_Given material_

══════════════════════════════

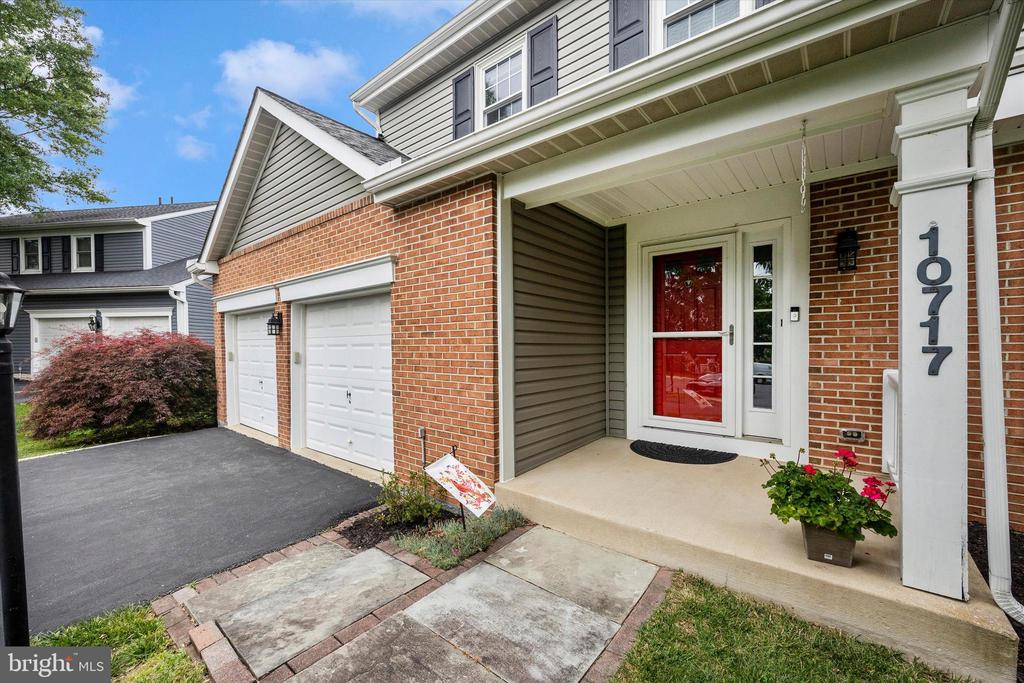 10717 GRANGERFORD COURT
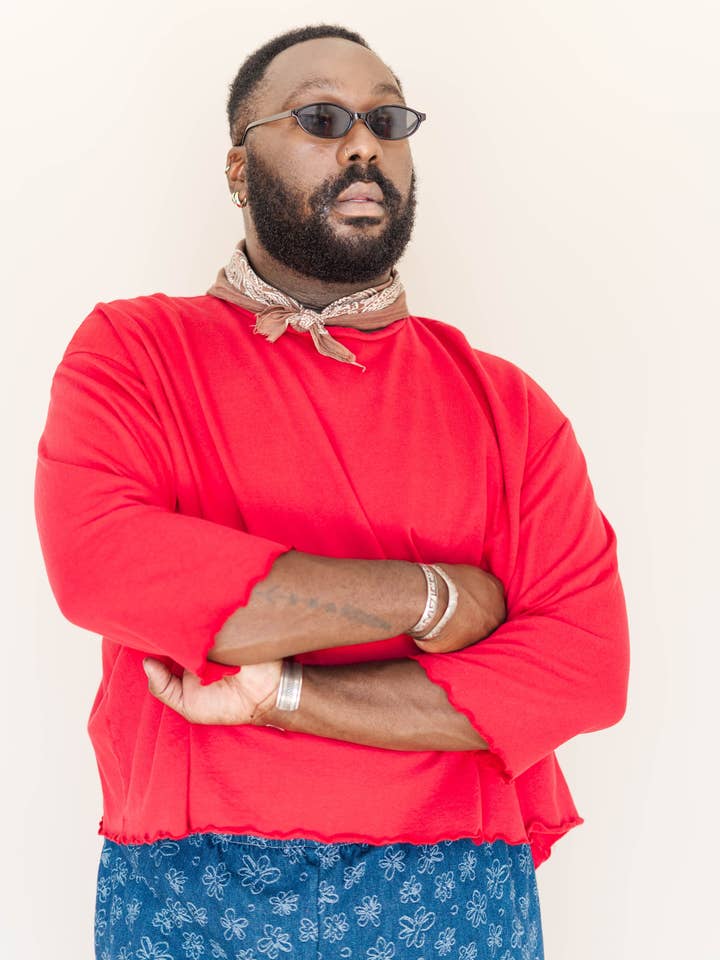 Nettle Studios - Wholesale Sweatshirt - Unisex - Size Inclusive Plus Size Gender Neutral Red Sweatshirt Tee1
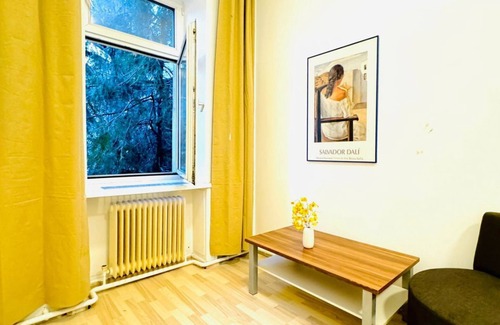 Floridsdorf Appartement | Cozy Private Room | Shared Flat Near FAC Platz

══════════════════════════════

_Exercise directions_
A word-for-word copy of all the data, without pictures, is the expected output.

_Output for this exercise_
 10717 GRANGERFORD COURT
 Nettle Studios - Wholesale Sweatshirt - Unisex - Size Inclusive Plus Size Gender Neutral Red Sweatshirt Tee1
 Floridsdorf Appartement | Cozy Private Room | Shared Flat Near FAC Platz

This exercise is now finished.